Sunday 7 September 2014

Albi

Before coming to Toulouse several people told me that for sure I had to pay a visit to Carcasonne, that it was such a beautiful and impressive place. Of course once I'd had a first taste of Toulouse my next steps were visiting Bordeaux (likewise some people had insisted on how nice it was, and yes, it's an incredible place) and then visiting Carcasonne. Obviously I liked the place, "la cité" (the medieval citadel) is impressive, but the rest of the city has no much to see and as my expectations were so high I didn't feel so amazed.

On the other side, when I paid my first visit to Albi, back in February, my expectations were not that high. I mainly expected a smaller version of downtown Toulouse, which of course would be nice, but nothing new to me. Wow, once there I felt fascinated by this "ville", it's much more than a "small Toulouse". Of course, you'll draw much similarities between both old towns (and with Montauban's one), as the 3 of them make up the trinity of Languedoc-style red brick architecture. I was back in Albi a few weeks ago, and the feeling of delight was the same.

My first impressions when walking from the train station to the "Centre de Ville" reinforced that perspective of being in a small Toulouse: the tree lined old boulevards, the Jeanne d'Arc statue (you'll find them in all French cities, but I think this is the only one I remember were she's standing rather than riding a horse), a nice park with astonishing gardens (since I'm here I've gone crazy about gardens, French people have such an incredible taste for gardens, and for architecture and cakes :-) a "Monument aux Morts" that is like a brick brother of the one in Toulouse...

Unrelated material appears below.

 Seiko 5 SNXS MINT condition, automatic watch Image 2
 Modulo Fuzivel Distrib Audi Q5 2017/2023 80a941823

Once in the city center, my first view was that of the Cathedral. Yeah, it's as impressive as all guide books say. The harsh and imposing walls remind me of Los Jacobinos in Toulouse, but taken to another dimension. I remember how much it captivated me many years ago when I read that the main idea of Gothic cathedrals with their large windows and towers and those high ceilings that seem to get lost in heaven... was to make men feel so small before the power of God. That vision is taken one step further here, those walls made me feel before an unconquerable military fortress, and probably that's what their constructors aimed, as it was built in the middle of a land of "heretics" after the bloody Albingensian Crusade. Once inside, things could not get any better, it's astonishing. Those painted ceilings are like a Gothic Sistine Chapel, and then the superb Rood Screen, sporting some of the most elaborate sets of gothic stone filigrees that I can think of.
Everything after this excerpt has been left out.